Les soirées jazz de cette envergure sont rarissimes au beau milieu de l’hiver. Surtout quand les deux protagonistes, ô joie, se lancent dans le vide.

Marianne Trudel et Yannick Rieu sont connus au bataillon de l’Orchestre national de jazz de Montréal (ONJ) puisqu’ils ont déjà joué sur quelques albums du collectif fondé en 2012.

Marianne Trudel, 46 ans, était aux anges lorsque La Presse a rencontré les deux prodiges du jazz de tranchée il y a quelques jours. On la comprend : le 4 février dernier, elle a reçu le prix Opus 2024 du meilleur concert jazz pour celui en solo intitulé La musique et la vie.

Sources, une composition en sept mouvements de la pianiste, est au menu.

« J’ai planché comme une folle sur les arrangements ! Retrouver Jacques [Laurin, fondateur de l’ONJ] pour ce projet, c’est particulier parce qu’on est tous un peu à des endroits différents en ce moment, mais la magie est encore là », se réjouit l’ex-professeure d’Emie Roussel et d’Ariane Racicot, deux pianistes-compositrices devenues Révélations jazz Radio-Canada en 2014 et en 2023 respectivement.

Revisiter l’œuvre, créée sur commande au bénéfice de l’ensemble Les Violons du Roy en 2016, la fait trépigner.

« On ne l’a jouée qu’une seule fois, au Palais Montcalm, à Québec. Au départ, Sources a été pensée pour mon trio Trifolia. » Étienne Lafrance à la contrebasse, Tommy Crane à la batterie et Patrick Graham aux percussions avaient alors rejoint sur scène le réputé ensemble à cordes d’Angèle Dubeau ; cette fois, le trio se prêtera à l’intrigue avec l’Ensemble ECO.

En seconde portion du programme, le saxophoniste ténor et soprano Yannick Rieu, notre éminence jazz de la soufflerie, réputé à ses débuts pour la puissance de ses envolées fiévreuses à la John Coltrane et ses dérapages contrôlés, épousera les contours à la fois escarpés et caressants de Focus avec sa tuyauterie, une suite d’Eddie Sauter composée expressément pour le saxophoniste ténor Stan Getz (étiquette Verve, 1961). Une odyssée de 45 minutes dans sa forme originale.

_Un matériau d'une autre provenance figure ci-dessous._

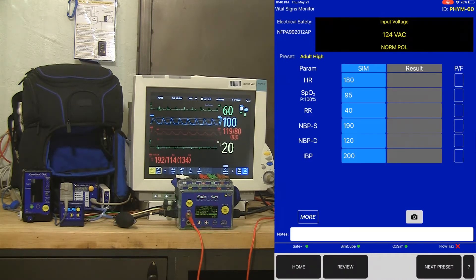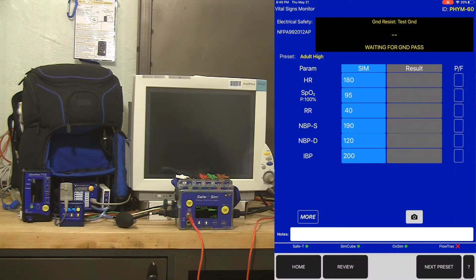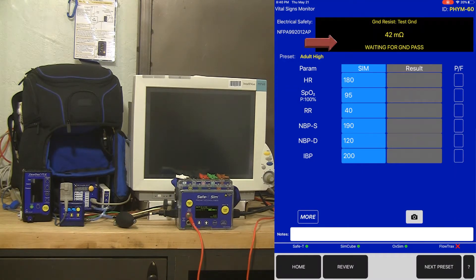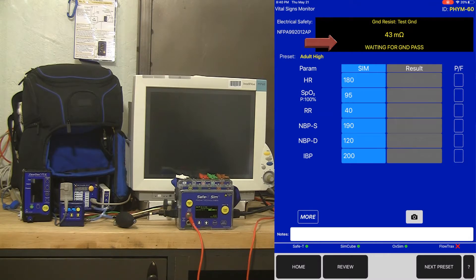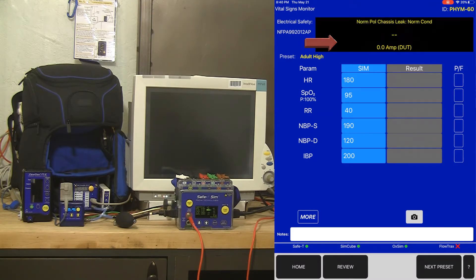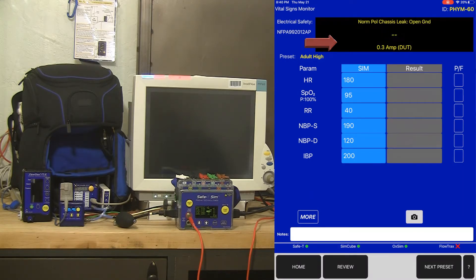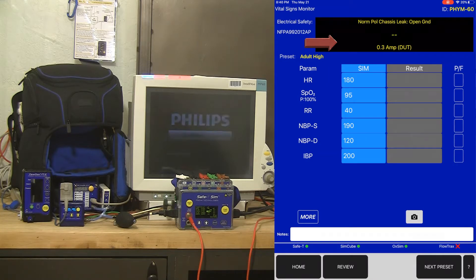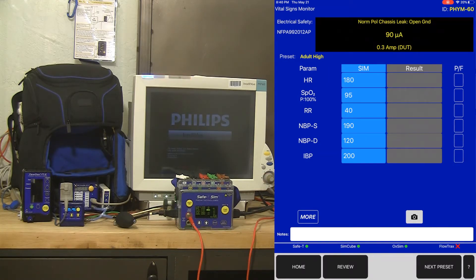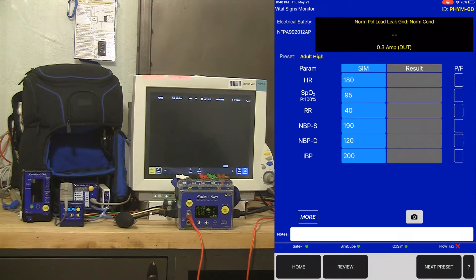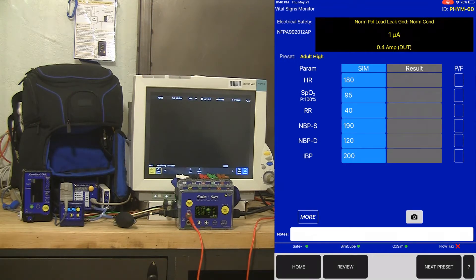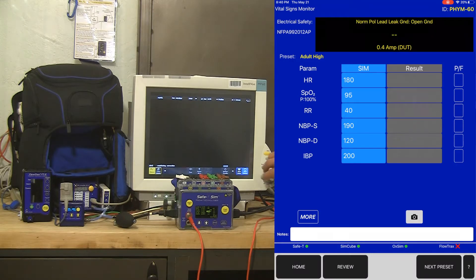So from here, we've already started controlling our test equipment. We've got an electrical safety test started from the iOS device and that Bluetooth connection, and we can actually see real-time the results coming back for that electrical safety test. So just by hitting that start key, we've taken control over all the test equipment that you see here: the electrical safety analyzer, the SimCube NIBP simulator, and the Auxim SPO2 simulator.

Carburer aux nombreux projets

Ces programmes d’œuvres pour cordes et section rythmique, où violons, altos et violoncelles s’entrelacent et forment un écrin fabuleux pour des musiques jazz plus contemporaines, semblent une filiation naturelle. Pas moins de 18 érudits de l’archet seront à leurs côtés.

L’impénitent défricheur de 64 ans sera donc lui aussi flanqué de ce même somptueux lit de cordes, sous la direction musicale clairvoyante du chef d’orchestre Jean-Nicolas Trottier.

Pour la petite histoire, Stan Getz avait passé plusieurs années en Europe et désirait revenir aux États-Unis avec une œuvre [Focus] qui allait marquer. Nous en jouerons une bonne partie, certains mouvements, nous en sommes à déterminer la séquence.

Yannick Rieu

« Mais peut-être qu’on va la faire au complet ? », s’interroge Marianne Trudel à voix haute, elle qui participe aussi à ce second volet. « Ça m’étonnerait, répond Yannick Rieu, un peu moqueur. Et tu vas jouer quoi, de la harpe ? », ajoute-t-il, sur le ton de la taquinerie. Ils rient. « On va reproduire les partitions de harpe au piano », rétorque du tac au tac la maîtresse des notes d’ivoire et d’ébène. « Focus est une musique difficile pour les cordes », reconnaît le jazzman.

« Je ne cherche pas à reproduire chaque note, dit Yannick Rieu, d’ailleurs les conditions ne sont pas les mêmes que celles de Stan Getz, toutes les pistes des cordes étaient déjà enregistrées au moment de sa séance en studio. Il a pu monter son solo et l’adapter, le reprendre au besoin. Nous, on va davantage improviser. Le son et l’approche sont différents. »

« C’est ça, l’essence du jazz, avoir sa propre personnalité, son énergie, ajoute Marianne Trudel avec justesse. Ce serait ridicule que Yannick essaie de reproduire le son de Stan Getz. Le but est d’apporter quelque chose de nouveau. »

« C’est toujours une aventure »

En résidence de plusieurs semaines au Maroc, au Cameroun et au Togo l’année dernière, notre homme s’est de toute évidence frotté au choc des cultures des musiciens rencontrés lors de son séjour.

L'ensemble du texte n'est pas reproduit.